Let’s try for instance to run this 10.000 times, with n = 100. Here are the results:



Immagine 9



Immagine 7



For debugging purposes our function outputs each poker it finds. Since usually pokers are not that frequent it should be fine. 10.000 times seems not to be enough…
Let’s do 100.000 times!!!



Immagine 8



This looks better! By simulating in less than 2 minutes 100.000 games of Texas Hold’em with 2 players we concluded that drawing a poker two times in a row is a very unlikely event, drawing a pair is a relative common event while three of a kind is rare, but not as much as poker!
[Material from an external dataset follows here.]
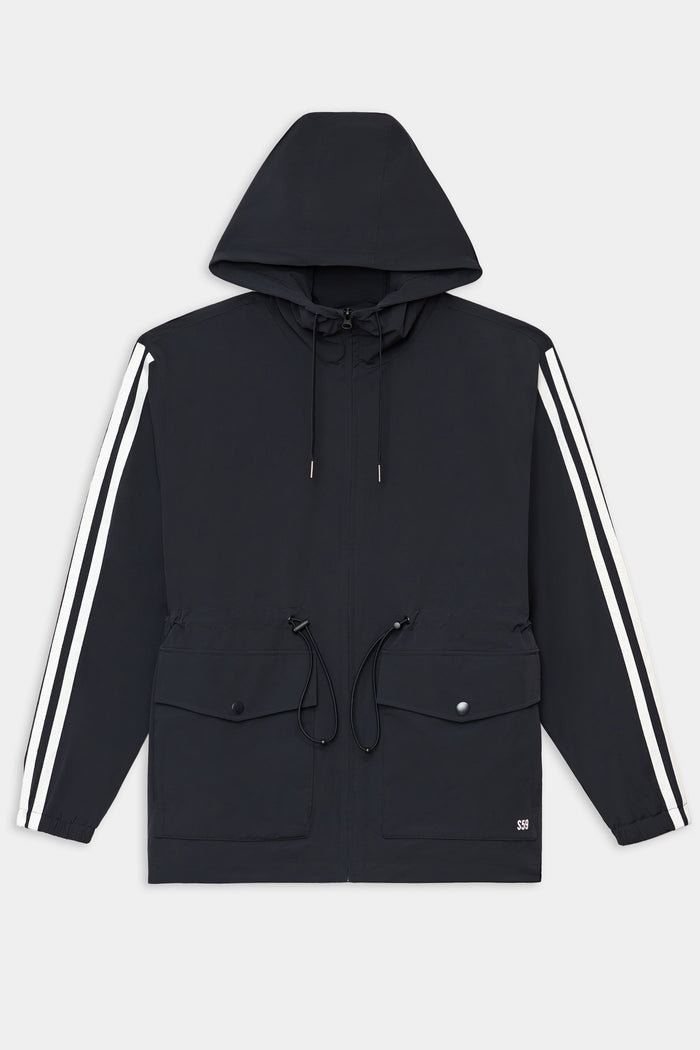 The SPLITS59 Reggie Water Repellent Jacket in Black/White features white sleeve stripes, front drawstrings, flap pockets, and a zip closure. Made from a nylon-spandex blend, it is shown laid flat on a white background.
I should mention that, it looks like the probability of a poker is overestimated according to the formal calculation, I believe that is either because it is an “outlier” or because I did not run the simulation a big enough number of times. Anyway the other two probabilities seem fine (you can check for more information on http://en.wikipedia.org/wiki/Poker_probability)



Hope you enjoyed!








Disclaimer: This article is for educational purpose ONLY. Odds generated by this code are calculated by a random simulation. As such the odds will represent an approximation of the true odds. They might even be completely wrong or misleading. This code must NOT be used for anything other than educational purpose. The provider of this code does not guarantee the accuracy of the results and accepts no liability for any loss or damage that may occur as a result of the use of this code. Understanding and agreeing to the terms of this disclaimer is a condition of use of this code. By reading the article you confirm you have understood and will comply with this disclaimer.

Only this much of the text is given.